The melodic part of the Musical Ear Test (MET; Wallentin et al., 2010) was administered to assess the musical abilities of the participants in an auditory-only setting. This subtest employs a same–different task (i.e., participants are asked to judge whether two musical phrases are identical or not). There are 52 trials consisting of pairs of melodic piano phrases, each containing 3–8 tones. MET scores have been shown to correlate with results of musical imitation tests typically used in auditions for music conservatories (Wallentin et al., 2010).

Analyses and results


IBM SPSS Statistics for Windows, Version 24, was used for preprocessing and for all analyses. Measures of hits and reaction time were collected from all trials in the experiment, and only responses between 200 ms and 1,000 ms after stimulus onset were included in the analysis (see justification in the Supplementary Materials, Fig. S1). Initial paired-samples t tests showed no significant differences between numbers of correct responses to high and low deviants within each pitch level of each category. Hence, the factor of pitch direction was omitted from the analysis, yielding 40 trials per condition (two pitch levels of MC, MmC, and NVC).
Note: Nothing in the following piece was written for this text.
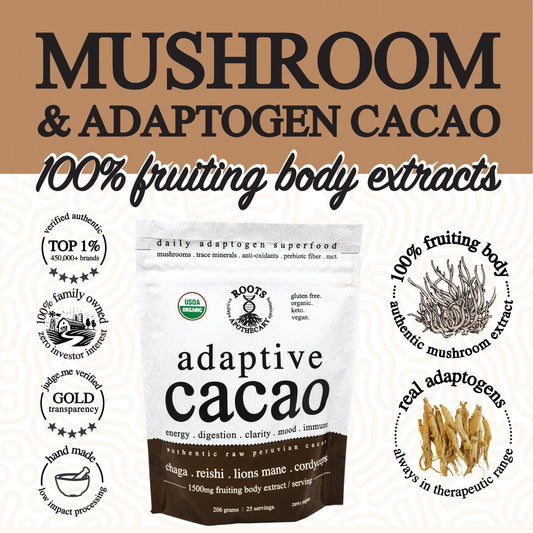 adaptive cacao. performance superfood.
The sensitivity index d' (pronounced ‘d-prime’) was calculated for each participant, each condition, using the formula d’ = Z(hit rate) − Z(false alarm rate) (Green & Swets, 1966). Because hit rates of zero or 100% present a problem to the calculations of Z, we first applied a standard correction that entailed adding 0.5 to the number of hits and false alarms and 1 to the total number of trials within each condition (Hautus, 1995). Ceiling performance was assessed by hit rates, that is, not corrected for false alarms. Data from participants who performed at ceiling level in conditions containing the largest deviant were excluded from the main analyses. As already stated, this was the case for three nonmusicians (all males) and 10 musicians (six males), who responded correctly to 100% of trials in the easiest condition (i.e., matching visual cue to 30 cents deviants). In the case of conditions containing the smallest pitch level (20 cents), only four ceiling performers (musicians, three males; all also performing at ceiling in the easiest condition) were identified and hence excluded from the exploratory individual level analyses focusing on 20 cents deviants only. These analyses are reported in Supplementary Materials. All analyses were performed using d’ as the dependent measure.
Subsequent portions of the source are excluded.